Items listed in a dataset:
◇ ◇ ◇ ◇ ◇

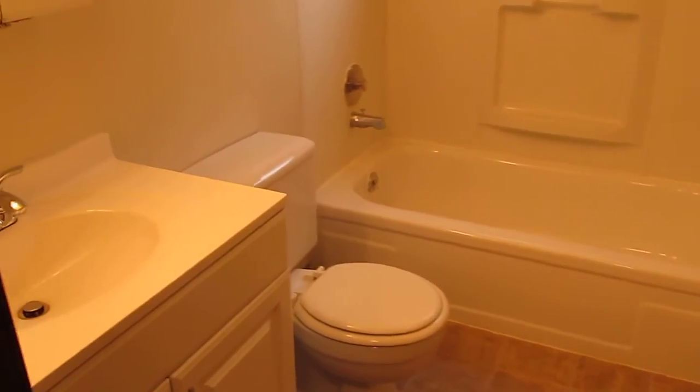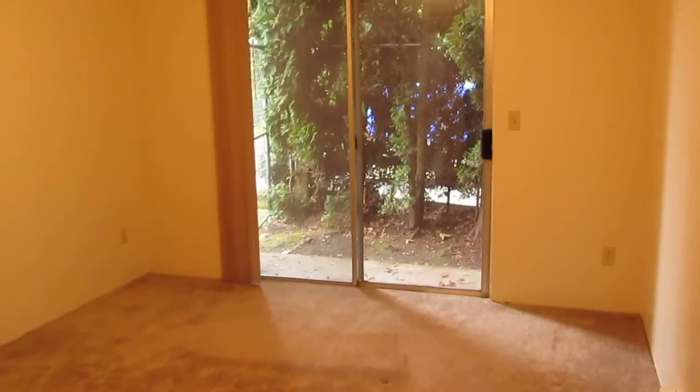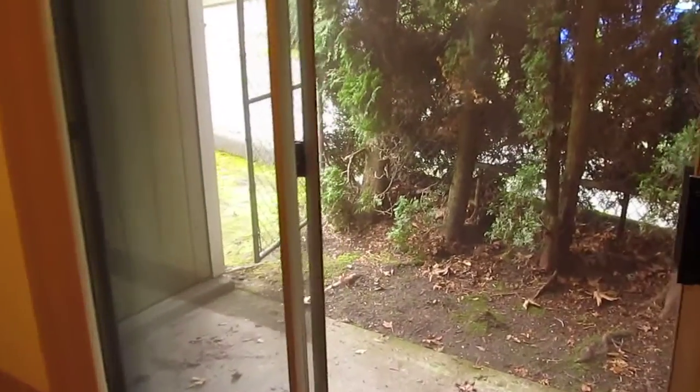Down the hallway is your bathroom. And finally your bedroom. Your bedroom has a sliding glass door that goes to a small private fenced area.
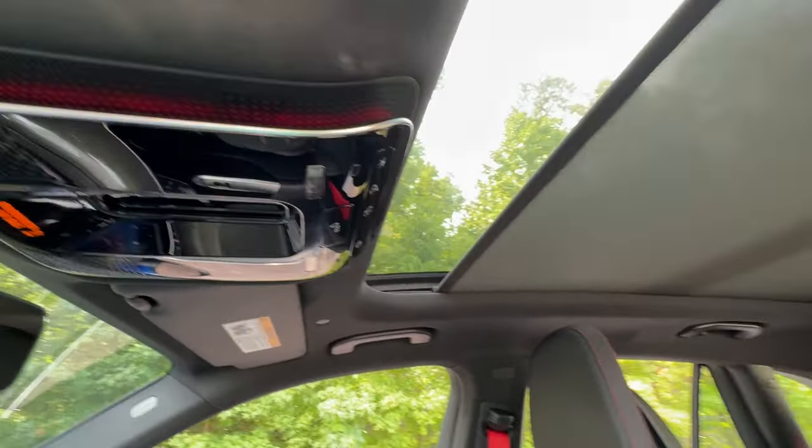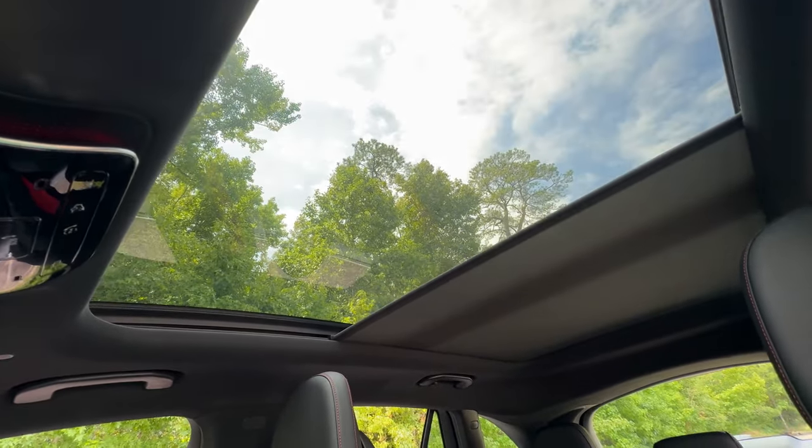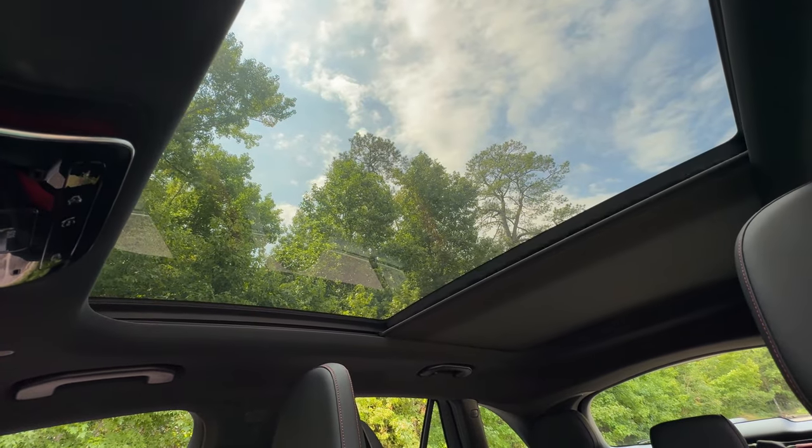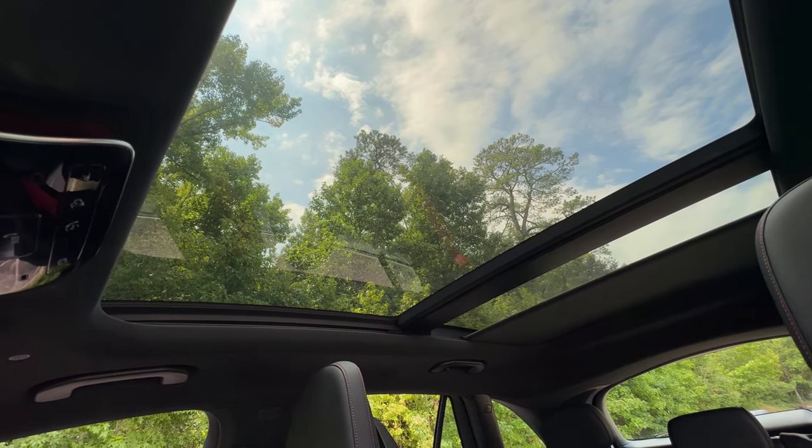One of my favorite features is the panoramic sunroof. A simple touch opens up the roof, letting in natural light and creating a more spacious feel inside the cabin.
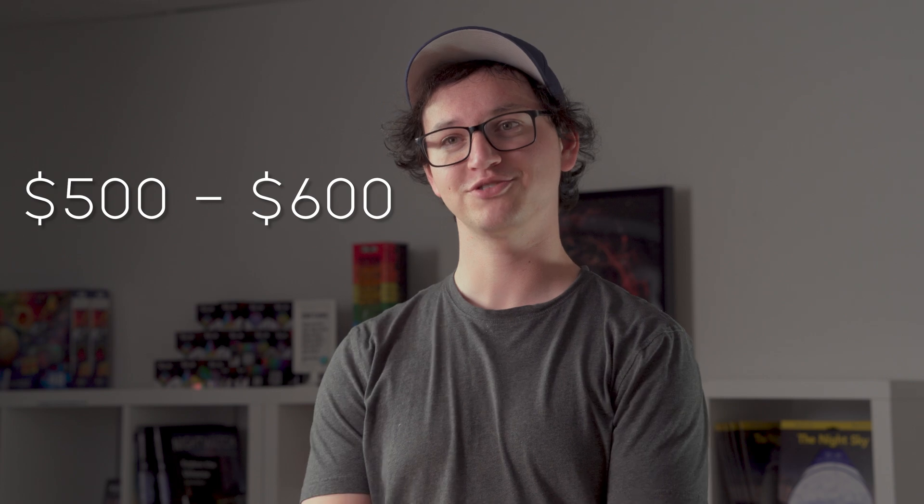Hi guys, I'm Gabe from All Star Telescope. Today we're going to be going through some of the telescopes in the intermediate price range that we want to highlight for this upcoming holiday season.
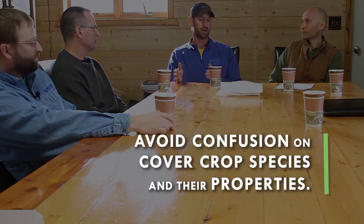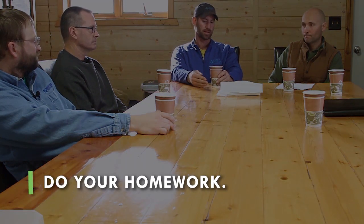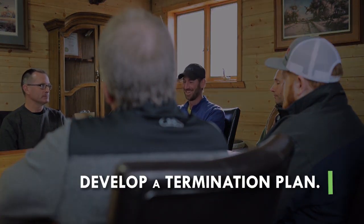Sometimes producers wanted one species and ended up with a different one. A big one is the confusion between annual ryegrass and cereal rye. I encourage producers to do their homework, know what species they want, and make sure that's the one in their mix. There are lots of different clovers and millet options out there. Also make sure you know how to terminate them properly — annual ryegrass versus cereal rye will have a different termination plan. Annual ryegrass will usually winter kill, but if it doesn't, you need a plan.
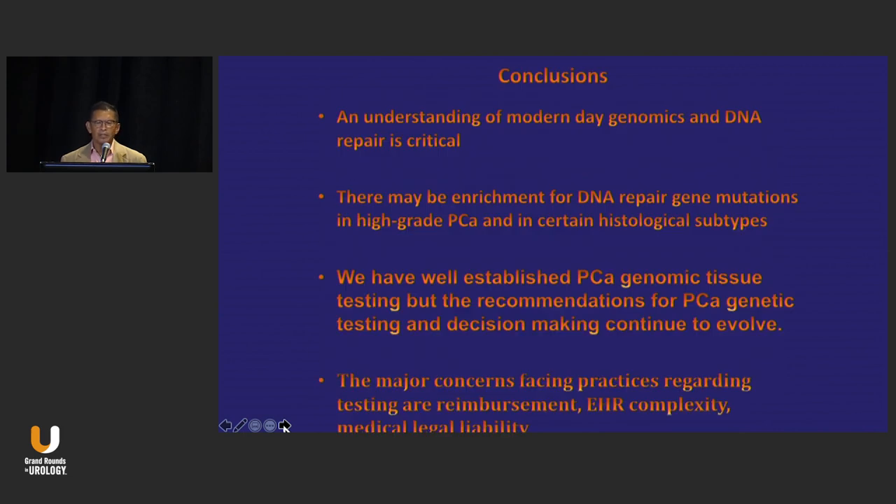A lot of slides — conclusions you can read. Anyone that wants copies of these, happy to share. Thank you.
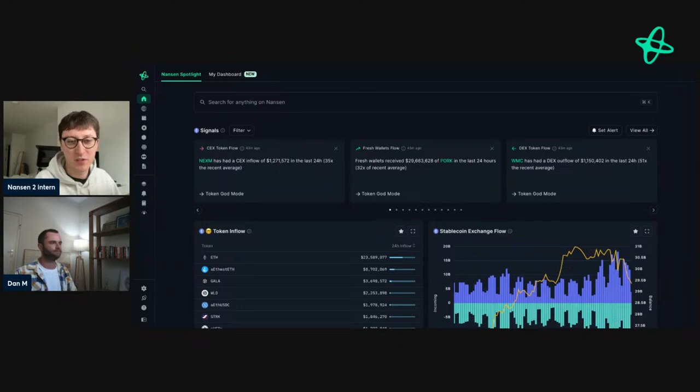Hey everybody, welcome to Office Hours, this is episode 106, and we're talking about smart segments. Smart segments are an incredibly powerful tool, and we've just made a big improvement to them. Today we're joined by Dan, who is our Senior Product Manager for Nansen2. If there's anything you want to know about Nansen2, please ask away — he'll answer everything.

◇ ◇ ◇ ◇ ◇

Try it >> From the line containing "Hi guys, I'm" down to the last line of the data, print every line exactly and nothing else. Pictures stay out of the copy.

The answer >>
Hi guys, I'm Gabe from All Star Telescope. Today we're going to be going through some of the telescopes in the intermediate price range that we want to highlight for this upcoming holiday season.
Sometimes producers wanted one species and ended up with a different one. A big one is the confusion between annual ryegrass and cereal rye. I encourage producers to do their homework, know what species they want, and make sure that's the one in their mix. There are lots of different clovers and millet options out there. Also make sure you know how to terminate them properly — annual ryegrass versus cereal rye will have a different termination plan. Annual ryegrass will usually winter kill, but if it doesn't, you need a plan.
A lot of slides — conclusions you can read. Anyone that wants copies of these, happy to share. Thank you.
Hey everybody, welcome to Office Hours, this is episode 106, and we're talking about smart segments. Smart segments are an incredibly powerful tool, and we've just made a big improvement to them. Today we're joined by Dan, who is our Senior Product Manager for Nansen2. If there's anything you want to know about Nansen2, please ask away — he'll answer everything.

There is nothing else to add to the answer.